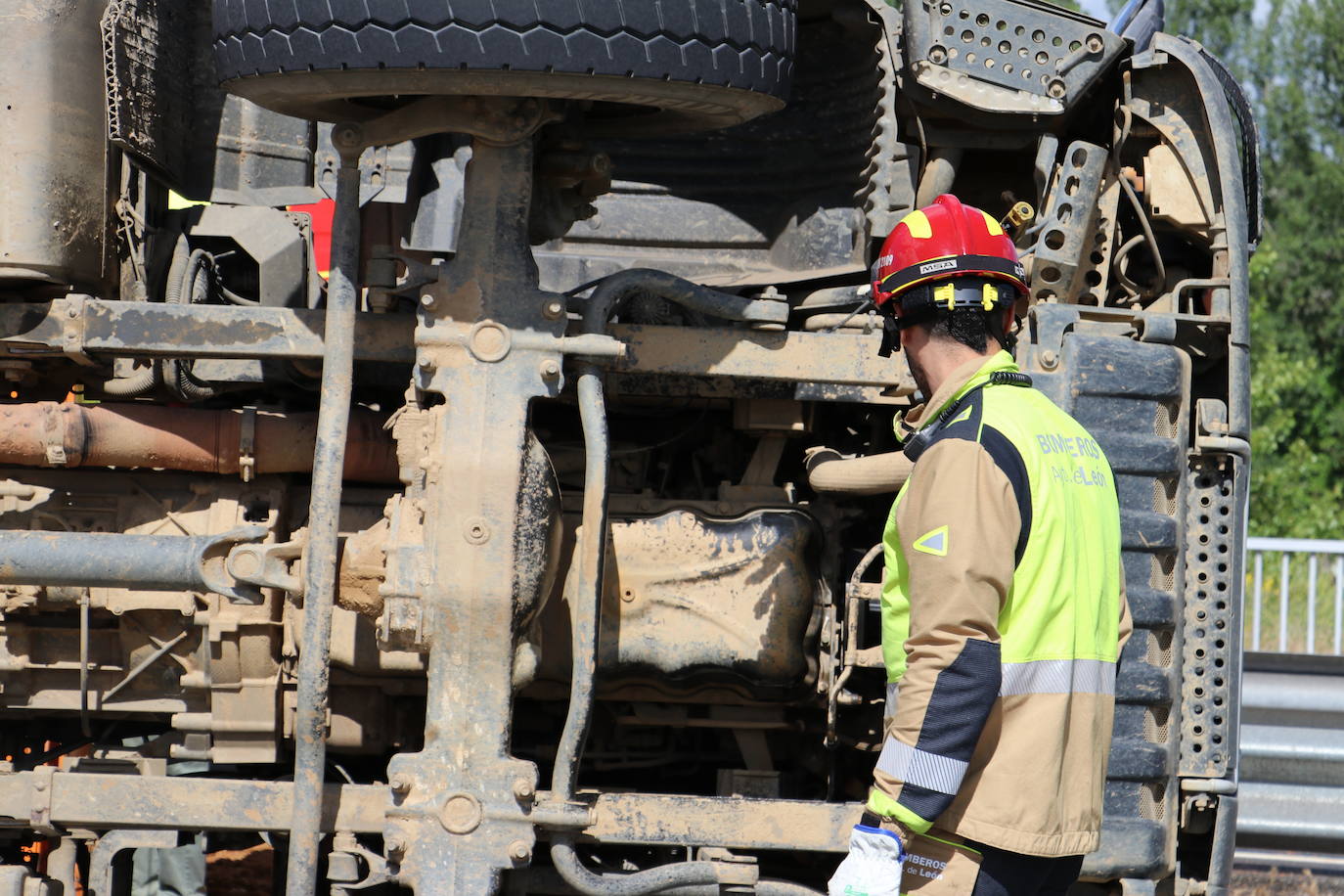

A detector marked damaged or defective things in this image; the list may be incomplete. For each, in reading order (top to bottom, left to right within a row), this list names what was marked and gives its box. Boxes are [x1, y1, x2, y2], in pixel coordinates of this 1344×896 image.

rusty metal pipe [0, 402, 392, 483]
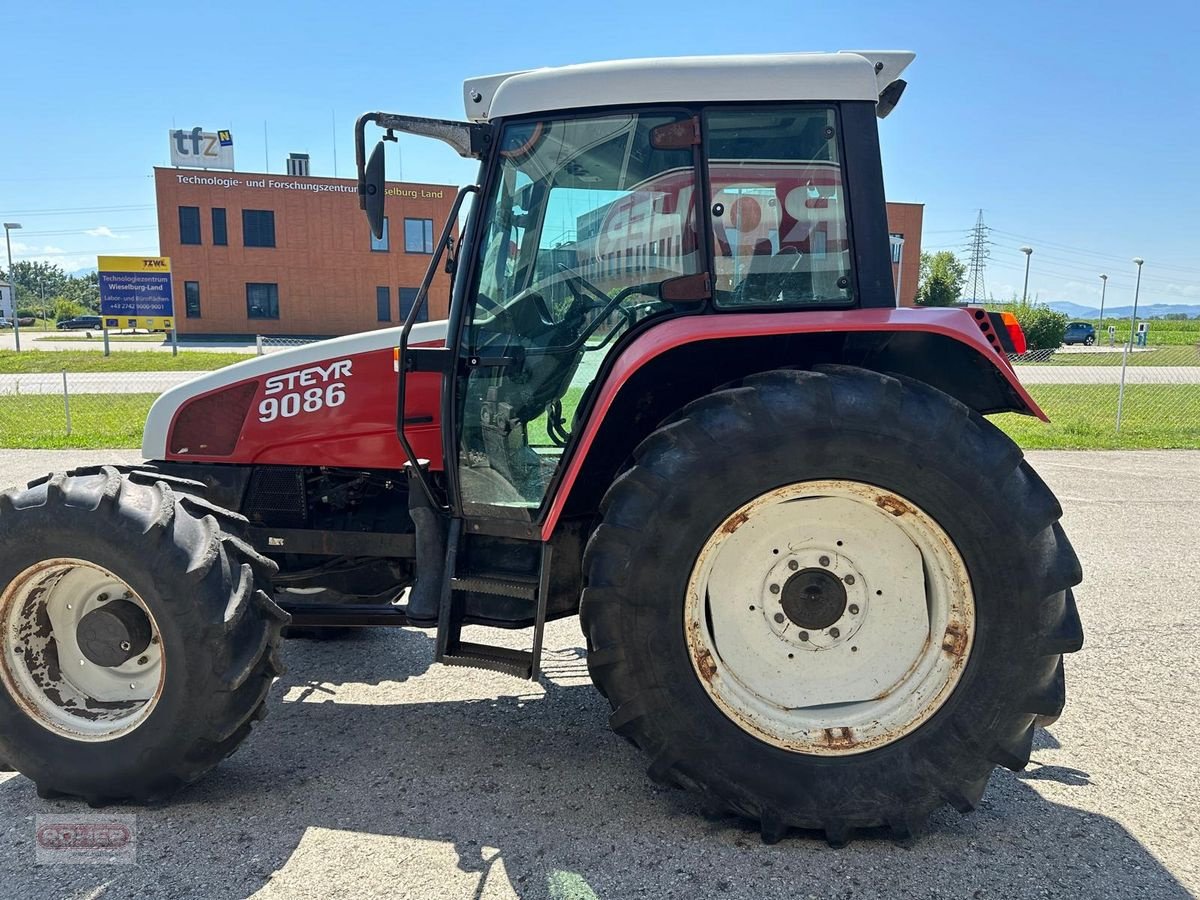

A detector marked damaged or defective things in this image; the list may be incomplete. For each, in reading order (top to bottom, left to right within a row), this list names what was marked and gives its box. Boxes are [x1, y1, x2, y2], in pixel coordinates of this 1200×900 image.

rusty wheel rim [0, 561, 164, 744]
rusty wheel rim [686, 482, 974, 758]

================

## Work task
The material must be restated verbatim. Its pictures must be omitted.

## Result for this task
A detector marked damaged or defective things in this image; the list may be incomplete. For each, in reading order (top to bottom, left to right within a row), this list names what was marked and gives its box. Boxes are [x1, y1, x2, y2], in pixel coordinates of this 1344×896 image.

rusty metal pipe [0, 402, 392, 483]

A detector marked damaged or defective things in this image; the list may be incomplete. For each, in reading order (top to bottom, left to right within a row), this list names what was marked and gives its box. Boxes are [x1, y1, x2, y2], in pixel coordinates of this 1200×900 image.

rusty wheel rim [0, 561, 164, 744]
rusty wheel rim [686, 482, 974, 758]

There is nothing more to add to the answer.